Diva (Document Image Viewer with Ajax) is a multi-page document image viewer, designed for digital libraries to present documents as a single, continuous item, rather than the traditional method of presenting page images one at a time. Using “lazy loading” methods for only loading those parts of a document that are currently being viewed, it presents a quick and efficient way of displaying hundreds of page images from digitized books and other documents on a single web page.
The Diva project centers around Diva.js, a unique jQuery plugin that provides a user interface for viewing document images. The design of this component was informed by a survey of existing document image viewing interfaces, and from this survey a number of functional requirements for how document images should be displayed in a browser were formulated.
While the core of the Diva project is the jQuery plugin, other image processing infrastructure is required to serve the images in an efficient manner. We discuss how the components of this infrastructure work together in the “How it Works” section.
As an open-source project, we welcome feedback and code contributions. We are currently using Diva as part of an ongoing research project in digital music documents, but are interested in how it can be used for other document digitization projects in libraries and archives.
History and Motivation
Diva began as part of a project by the Swiss working group for the Répertoire International des Sources Musicale (RISM) project . RISM is an international initiative, founded in 1952, whose purpose is to identify and catalogue musical sources held in libraries and archives around the world. The RISM database contains extensive information about each source in its catalogue, and is an important tool for discovery and source verification for music researchers.
In 2008, the Swiss working group for the RISM project was granted funding for an exploratory project in digitizing musical sources (prints and manuscripts) from Swiss composers held in libraries and monasteries across Switzerland. The goal of this project was to combine the extensive, research-quality metadata gathered over decades with high-quality images of the source itself, and publish these online in a freely accessible database. This would allow researchers to access the sources globally, and provides an important component for the preservation and promotion of Swiss national musical heritage .
At the beginning of this exploratory project, a partnership between the Swiss RISM and the Distributed Digital Music Libraries Laboratory (DDMAL) at the Schulich School of Music of McGill University was tasked with identifying the tools and interfaces that would be used for displaying the source images in a web browser. To identify the current “state of the art” we conducted a survey of 24 digital libraries. Based on this survey, we identified a list of functional requirements that we wanted in a document image viewer that was specifically designed for displaying musical sources. This survey is discussed extensively by Hankinson, Pugin, and Fuginaga (2009) , but we present a brief summary here.

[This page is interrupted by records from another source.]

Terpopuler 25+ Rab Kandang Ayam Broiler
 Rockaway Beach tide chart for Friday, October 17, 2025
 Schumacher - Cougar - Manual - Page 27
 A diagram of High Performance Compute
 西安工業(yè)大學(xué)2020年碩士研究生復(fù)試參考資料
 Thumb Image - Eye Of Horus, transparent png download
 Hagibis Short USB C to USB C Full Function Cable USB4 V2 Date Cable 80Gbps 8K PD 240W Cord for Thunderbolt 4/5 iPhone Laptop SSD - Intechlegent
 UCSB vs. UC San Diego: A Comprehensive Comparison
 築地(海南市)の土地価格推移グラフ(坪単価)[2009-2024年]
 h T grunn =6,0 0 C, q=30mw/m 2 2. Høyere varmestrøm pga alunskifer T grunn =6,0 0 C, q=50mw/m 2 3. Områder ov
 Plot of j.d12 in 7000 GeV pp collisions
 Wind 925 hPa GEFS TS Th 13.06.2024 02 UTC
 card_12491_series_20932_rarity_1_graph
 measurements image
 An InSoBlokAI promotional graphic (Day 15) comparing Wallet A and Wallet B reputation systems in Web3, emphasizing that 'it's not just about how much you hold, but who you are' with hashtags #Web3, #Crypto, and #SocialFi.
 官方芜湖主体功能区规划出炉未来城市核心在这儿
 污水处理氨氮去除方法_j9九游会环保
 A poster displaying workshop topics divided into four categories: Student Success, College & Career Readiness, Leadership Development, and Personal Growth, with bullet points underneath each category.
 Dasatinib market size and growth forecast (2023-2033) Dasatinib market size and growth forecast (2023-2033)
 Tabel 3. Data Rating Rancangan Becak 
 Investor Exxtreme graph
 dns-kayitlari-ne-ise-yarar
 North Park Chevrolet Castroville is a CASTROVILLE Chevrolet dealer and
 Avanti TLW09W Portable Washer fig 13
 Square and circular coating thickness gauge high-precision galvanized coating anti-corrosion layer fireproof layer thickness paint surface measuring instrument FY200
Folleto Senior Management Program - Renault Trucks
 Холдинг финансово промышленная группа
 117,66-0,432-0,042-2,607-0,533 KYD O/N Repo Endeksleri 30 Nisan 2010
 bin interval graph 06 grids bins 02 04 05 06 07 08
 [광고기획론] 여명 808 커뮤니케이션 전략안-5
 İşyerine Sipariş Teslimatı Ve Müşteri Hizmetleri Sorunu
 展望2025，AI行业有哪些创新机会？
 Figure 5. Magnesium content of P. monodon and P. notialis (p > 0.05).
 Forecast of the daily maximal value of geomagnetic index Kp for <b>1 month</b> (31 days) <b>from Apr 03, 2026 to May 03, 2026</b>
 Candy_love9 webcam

We formulated five functional requirements from our survey in response to what we considered to be the best and worst features of current digital document image displays. While they were developed in a musical context, we think that they are broadly generalizable over all document types.
1. Preserve Document Integrity
One of the most common methods for displaying document images online is in an “image gallery” format, where users are required to click “next” and “back” hyperlinks to navigate page by page through the document. Some interfaces provide users with the ability to navigate to a specific page, either using a drop-down selection, a text box, or a series of hyperlinked page numbers. This method of display does little to preserve the original document as a cohesive entity.
There are several alternatives to this approach. The Google Books project , perhaps the largest and most well-known book digitization project, presents items as a single scrollable entity embedded within the webpage. This allows users to very quickly scroll and navigate through the entire work.
The Internet Archive  method uses a book metaphor where users are presented with images of facing pages and can navigate through the book by “turning” the pages. This method presents some usability challenges for quickly navigating through a source, but it does provide a very accurate representation of the original source layout.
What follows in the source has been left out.